Print the records below exactly as they appear.
╭──
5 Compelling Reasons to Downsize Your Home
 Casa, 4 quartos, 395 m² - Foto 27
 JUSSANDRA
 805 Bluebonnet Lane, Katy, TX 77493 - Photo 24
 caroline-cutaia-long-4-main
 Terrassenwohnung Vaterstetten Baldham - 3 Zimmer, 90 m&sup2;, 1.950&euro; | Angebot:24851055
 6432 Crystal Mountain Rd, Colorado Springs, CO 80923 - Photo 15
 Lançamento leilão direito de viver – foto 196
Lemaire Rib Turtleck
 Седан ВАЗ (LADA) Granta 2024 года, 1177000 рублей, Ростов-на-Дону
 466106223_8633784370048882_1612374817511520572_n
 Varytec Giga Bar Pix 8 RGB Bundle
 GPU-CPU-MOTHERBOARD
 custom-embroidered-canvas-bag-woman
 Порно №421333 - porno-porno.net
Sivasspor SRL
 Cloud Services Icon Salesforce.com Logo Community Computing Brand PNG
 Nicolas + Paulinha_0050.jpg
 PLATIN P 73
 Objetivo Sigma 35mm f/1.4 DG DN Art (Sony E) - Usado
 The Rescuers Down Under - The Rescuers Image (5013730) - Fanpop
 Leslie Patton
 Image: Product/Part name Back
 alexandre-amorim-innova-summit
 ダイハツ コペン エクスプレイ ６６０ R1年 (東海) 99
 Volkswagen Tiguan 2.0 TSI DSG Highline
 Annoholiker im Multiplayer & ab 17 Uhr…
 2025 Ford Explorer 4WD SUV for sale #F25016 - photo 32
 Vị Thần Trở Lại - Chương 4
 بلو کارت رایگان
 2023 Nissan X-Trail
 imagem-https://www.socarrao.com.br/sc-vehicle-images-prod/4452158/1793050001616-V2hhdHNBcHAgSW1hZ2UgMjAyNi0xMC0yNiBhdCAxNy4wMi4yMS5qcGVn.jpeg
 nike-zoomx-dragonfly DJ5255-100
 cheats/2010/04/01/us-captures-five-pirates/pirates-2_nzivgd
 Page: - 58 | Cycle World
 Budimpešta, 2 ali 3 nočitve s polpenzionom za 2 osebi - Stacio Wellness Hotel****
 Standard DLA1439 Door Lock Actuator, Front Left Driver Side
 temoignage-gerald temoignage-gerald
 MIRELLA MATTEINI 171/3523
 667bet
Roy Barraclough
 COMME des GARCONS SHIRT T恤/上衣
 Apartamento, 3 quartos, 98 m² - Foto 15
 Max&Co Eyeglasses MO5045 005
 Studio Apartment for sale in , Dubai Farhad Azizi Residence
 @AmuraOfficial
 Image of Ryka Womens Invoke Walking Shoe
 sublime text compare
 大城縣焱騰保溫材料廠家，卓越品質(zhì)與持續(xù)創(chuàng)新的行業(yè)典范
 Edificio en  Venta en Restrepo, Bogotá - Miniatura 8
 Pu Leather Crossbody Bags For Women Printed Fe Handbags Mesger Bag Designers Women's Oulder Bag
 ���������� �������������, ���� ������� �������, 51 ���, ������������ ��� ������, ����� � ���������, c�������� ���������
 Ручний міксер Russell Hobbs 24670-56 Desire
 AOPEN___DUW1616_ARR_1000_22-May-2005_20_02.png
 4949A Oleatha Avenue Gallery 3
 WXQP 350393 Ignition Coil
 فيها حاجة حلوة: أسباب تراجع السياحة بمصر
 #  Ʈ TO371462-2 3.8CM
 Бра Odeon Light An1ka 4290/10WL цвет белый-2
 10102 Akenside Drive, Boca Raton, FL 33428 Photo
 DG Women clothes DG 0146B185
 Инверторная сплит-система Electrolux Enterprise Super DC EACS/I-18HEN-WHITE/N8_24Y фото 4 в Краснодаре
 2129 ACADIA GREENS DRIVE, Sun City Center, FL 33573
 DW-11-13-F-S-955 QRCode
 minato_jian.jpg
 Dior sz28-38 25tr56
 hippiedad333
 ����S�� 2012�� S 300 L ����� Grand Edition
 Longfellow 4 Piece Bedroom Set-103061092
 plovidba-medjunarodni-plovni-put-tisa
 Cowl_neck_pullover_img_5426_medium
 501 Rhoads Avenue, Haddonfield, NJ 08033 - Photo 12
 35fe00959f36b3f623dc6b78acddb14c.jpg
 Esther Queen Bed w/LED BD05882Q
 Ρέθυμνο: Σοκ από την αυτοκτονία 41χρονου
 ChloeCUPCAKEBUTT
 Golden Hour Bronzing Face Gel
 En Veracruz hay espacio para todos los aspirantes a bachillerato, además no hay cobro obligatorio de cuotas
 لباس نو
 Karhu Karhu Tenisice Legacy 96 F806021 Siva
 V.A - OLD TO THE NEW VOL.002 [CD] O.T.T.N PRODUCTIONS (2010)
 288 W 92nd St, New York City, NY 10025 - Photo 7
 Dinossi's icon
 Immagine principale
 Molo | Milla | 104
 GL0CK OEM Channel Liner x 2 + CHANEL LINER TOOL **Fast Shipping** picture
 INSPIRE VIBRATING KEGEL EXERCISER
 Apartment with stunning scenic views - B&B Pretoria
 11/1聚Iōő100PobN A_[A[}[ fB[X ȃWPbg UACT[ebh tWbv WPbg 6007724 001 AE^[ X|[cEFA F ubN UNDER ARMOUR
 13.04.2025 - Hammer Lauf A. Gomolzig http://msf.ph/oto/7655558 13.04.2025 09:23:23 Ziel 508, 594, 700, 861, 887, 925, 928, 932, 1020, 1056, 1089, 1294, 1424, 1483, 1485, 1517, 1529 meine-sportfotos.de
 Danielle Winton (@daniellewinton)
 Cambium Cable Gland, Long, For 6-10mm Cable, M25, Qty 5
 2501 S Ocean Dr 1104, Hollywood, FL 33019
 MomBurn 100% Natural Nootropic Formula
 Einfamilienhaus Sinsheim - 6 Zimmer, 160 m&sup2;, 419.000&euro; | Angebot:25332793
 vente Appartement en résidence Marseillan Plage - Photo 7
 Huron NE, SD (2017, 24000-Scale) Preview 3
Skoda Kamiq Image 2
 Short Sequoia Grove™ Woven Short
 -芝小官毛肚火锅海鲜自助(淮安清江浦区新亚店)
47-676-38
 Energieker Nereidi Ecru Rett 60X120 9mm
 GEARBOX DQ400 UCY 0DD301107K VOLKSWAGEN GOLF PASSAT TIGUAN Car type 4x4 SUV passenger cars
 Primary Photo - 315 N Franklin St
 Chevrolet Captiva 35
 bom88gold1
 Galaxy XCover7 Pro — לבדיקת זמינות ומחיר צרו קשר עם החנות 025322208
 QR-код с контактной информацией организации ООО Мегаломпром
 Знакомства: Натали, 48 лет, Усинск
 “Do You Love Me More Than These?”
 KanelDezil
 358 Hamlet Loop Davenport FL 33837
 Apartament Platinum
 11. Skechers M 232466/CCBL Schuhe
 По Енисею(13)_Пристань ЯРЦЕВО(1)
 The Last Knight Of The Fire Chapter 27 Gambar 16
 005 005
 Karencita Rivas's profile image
╰──
Task response:
5 Compelling Reasons to Downsize Your Home
 Casa, 4 quartos, 395 m² - Foto 27
 JUSSANDRA
 805 Bluebonnet Lane, Katy, TX 77493 - Photo 24
 caroline-cutaia-long-4-main
 Terrassenwohnung Vaterstetten Baldham - 3 Zimmer, 90 m&sup2;, 1.950&euro; | Angebot:24851055
 6432 Crystal Mountain Rd, Colorado Springs, CO 80923 - Photo 15
 Lançamento leilão direito de viver – foto 196
Lemaire Rib Turtleck
 Седан ВАЗ (LADA) Granta 2024 года, 1177000 рублей, Ростов-на-Дону
 466106223_8633784370048882_1612374817511520572_n
 Varytec Giga Bar Pix 8 RGB Bundle
 GPU-CPU-MOTHERBOARD
 custom-embroidered-canvas-bag-woman
 Порно №421333 - porno-porno.net
Sivasspor SRL
 Cloud Services Icon Salesforce.com Logo Community Computing Brand PNG
 Nicolas + Paulinha_0050.jpg
 PLATIN P 73
 Objetivo Sigma 35mm f/1.4 DG DN Art (Sony E) - Usado
 The Rescuers Down Under - The Rescuers Image (5013730) - Fanpop
 Leslie Patton
 Image: Product/Part name Back
 alexandre-amorim-innova-summit
 ダイハツ コペン エクスプレイ ６６０ R1年 (東海) 99
 Volkswagen Tiguan 2.0 TSI DSG Highline
 Annoholiker im Multiplayer & ab 17 Uhr…
 2025 Ford Explorer 4WD SUV for sale #F25016 - photo 32
 Vị Thần Trở Lại - Chương 4
 بلو کارت رایگان
 2023 Nissan X-Trail
 imagem-https://www.socarrao.com.br/sc-vehicle-images-prod/4452158/1793050001616-V2hhdHNBcHAgSW1hZ2UgMjAyNi0xMC0yNiBhdCAxNy4wMi4yMS5qcGVn.jpeg
 nike-zoomx-dragonfly DJ5255-100
 cheats/2010/04/01/us-captures-five-pirates/pirates-2_nzivgd
 Page: - 58 | Cycle World
 Budimpešta, 2 ali 3 nočitve s polpenzionom za 2 osebi - Stacio Wellness Hotel****
 Standard DLA1439 Door Lock Actuator, Front Left Driver Side
 temoignage-gerald temoignage-gerald
 MIRELLA MATTEINI 171/3523
 667bet
Roy Barraclough
 COMME des GARCONS SHIRT T恤/上衣
 Apartamento, 3 quartos, 98 m² - Foto 15
 Max&Co Eyeglasses MO5045 005
 Studio Apartment for sale in , Dubai Farhad Azizi Residence
 @AmuraOfficial
 Image of Ryka Womens Invoke Walking Shoe
 sublime text compare
 大城縣焱騰保溫材料廠家，卓越品質(zhì)與持續(xù)創(chuàng)新的行業(yè)典范
 Edificio en  Venta en Restrepo, Bogotá - Miniatura 8
 Pu Leather Crossbody Bags For Women Printed Fe Handbags Mesger Bag Designers Women's Oulder Bag
 ���������� �������������, ���� ������� �������, 51 ���, ������������ ��� ������, ����� � ���������, c�������� ���������
 Ручний міксер Russell Hobbs 24670-56 Desire
 AOPEN___DUW1616_ARR_1000_22-May-2005_20_02.png
 4949A Oleatha Avenue Gallery 3
 WXQP 350393 Ignition Coil
 فيها حاجة حلوة: أسباب تراجع السياحة بمصر
 #  Ʈ TO371462-2 3.8CM
 Бра Odeon Light An1ka 4290/10WL цвет белый-2
 10102 Akenside Drive, Boca Raton, FL 33428 Photo
 DG Women clothes DG 0146B185
 Инверторная сплит-система Electrolux Enterprise Super DC EACS/I-18HEN-WHITE/N8_24Y фото 4 в Краснодаре
 2129 ACADIA GREENS DRIVE, Sun City Center, FL 33573
 DW-11-13-F-S-955 QRCode
 minato_jian.jpg
 Dior sz28-38 25tr56
 hippiedad333
 ����S�� 2012�� S 300 L ����� Grand Edition
 Longfellow 4 Piece Bedroom Set-103061092
 plovidba-medjunarodni-plovni-put-tisa
 Cowl_neck_pullover_img_5426_medium
 501 Rhoads Avenue, Haddonfield, NJ 08033 - Photo 12
 35fe00959f36b3f623dc6b78acddb14c.jpg
 Esther Queen Bed w/LED BD05882Q
 Ρέθυμνο: Σοκ από την αυτοκτονία 41χρονου
 ChloeCUPCAKEBUTT
 Golden Hour Bronzing Face Gel
 En Veracruz hay espacio para todos los aspirantes a bachillerato, además no hay cobro obligatorio de cuotas
 لباس نو
 Karhu Karhu Tenisice Legacy 96 F806021 Siva
 V.A - OLD TO THE NEW VOL.002 [CD] O.T.T.N PRODUCTIONS (2010)
 288 W 92nd St, New York City, NY 10025 - Photo 7
 Dinossi's icon
 Immagine principale
 Molo | Milla | 104
 GL0CK OEM Channel Liner x 2 + CHANEL LINER TOOL **Fast Shipping** picture
 INSPIRE VIBRATING KEGEL EXERCISER
 Apartment with stunning scenic views - B&B Pretoria
 11/1聚Iōő100PobN A_[A[}[ fB[X ȃWPbg UACT[ebh tWbv WPbg 6007724 001 AE^[ X|[cEFA F ubN UNDER ARMOUR
 13.04.2025 - Hammer Lauf A. Gomolzig http://msf.ph/oto/7655558 13.04.2025 09:23:23 Ziel 508, 594, 700, 861, 887, 925, 928, 932, 1020, 1056, 1089, 1294, 1424, 1483, 1485, 1517, 1529 meine-sportfotos.de
 Danielle Winton (@daniellewinton)
 Cambium Cable Gland, Long, For 6-10mm Cable, M25, Qty 5
 2501 S Ocean Dr 1104, Hollywood, FL 33019
 MomBurn 100% Natural Nootropic Formula
 Einfamilienhaus Sinsheim - 6 Zimmer, 160 m&sup2;, 419.000&euro; | Angebot:25332793
 vente Appartement en résidence Marseillan Plage - Photo 7
 Huron NE, SD (2017, 24000-Scale) Preview 3
Skoda Kamiq Image 2
 Short Sequoia Grove™ Woven Short
 -芝小官毛肚火锅海鲜自助(淮安清江浦区新亚店)
47-676-38
 Energieker Nereidi Ecru Rett 60X120 9mm
 GEARBOX DQ400 UCY 0DD301107K VOLKSWAGEN GOLF PASSAT TIGUAN Car type 4x4 SUV passenger cars
 Primary Photo - 315 N Franklin St
 Chevrolet Captiva 35
 bom88gold1
 Galaxy XCover7 Pro — לבדיקת זמינות ומחיר צרו קשר עם החנות 025322208
 QR-код с контактной информацией организации ООО Мегаломпром
 Знакомства: Натали, 48 лет, Усинск
 “Do You Love Me More Than These?”
 KanelDezil
 358 Hamlet Loop Davenport FL 33837
 Apartament Platinum
 11. Skechers M 232466/CCBL Schuhe
 По Енисею(13)_Пристань ЯРЦЕВО(1)
 The Last Knight Of The Fire Chapter 27 Gambar 16
 005 005
 Karencita Rivas's profile image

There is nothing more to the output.